・アイポッパー ・アサクサキングス ・アドマイヤジュピタ ・アドマイヤフジ ・トウカイトリック ・トウショウナイト ・ドリームパスポート ・ホクトスルタン ・ポップロック ・メイショウサムソン
世間はゴールデンウィーク真っ只中だが、生き物を扱っている競馬社会は連休とは無縁。厩務員たちは日々担当馬の身の回りの世話に追われ、助手たちは毎朝馬の背に跨って調教をつけ続ける。そんな生活が1年中延々と続くのだ。週末に競馬がある限り我々マスコミも関係者と同様に普段となにひとつ変わらぬ生活を送る。原則的に我々は週休2日制だが、本来休みであるはずの月火も最近は会議や打ち合わせ等の予定が入って完全休養できる日が少ない。そのぶん気分転換もままならずにいるが、たとえ祝日がすべて休みになったとしても計画性皆無の私の場合はいまとそう変わらない無駄の多い毎日を過ごすことになりそうな気がしている。
ある日曜日の朝、出勤途中のJR草津駅で騎手のA君とすれ違った。競馬開催日だというのに旅行用バッグ片手にホームへ急いでいる。「えらい人に見られちゃいましたね。考えるべきテーマができたのでいまから旅に出るところなんです」と告げつつ新快速に飛び乗った彼。
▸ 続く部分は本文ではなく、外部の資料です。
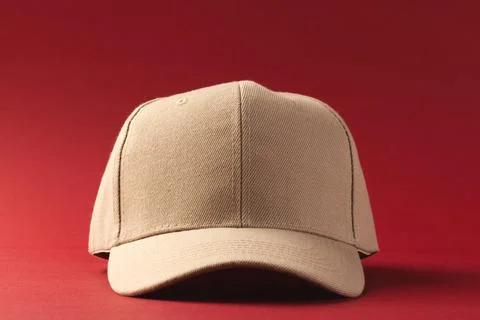 Cream baseball cap and copy space on red background イラスト素材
もちろんこの場合の“えらい人”という言葉は“偉い人”ではなく“厄介な人”のニュアンス。うるさいオヤジに目撃されたのは相当に憂鬱な出来事だったようだ。この日の彼は騎乗停止期間中で朝の調教を終えてすぐに移動を開始したと思われる。騎手である限り通常では経験できない日曜日の休日。果たして彼はその貴重な時間を有効利用できたのだろうか。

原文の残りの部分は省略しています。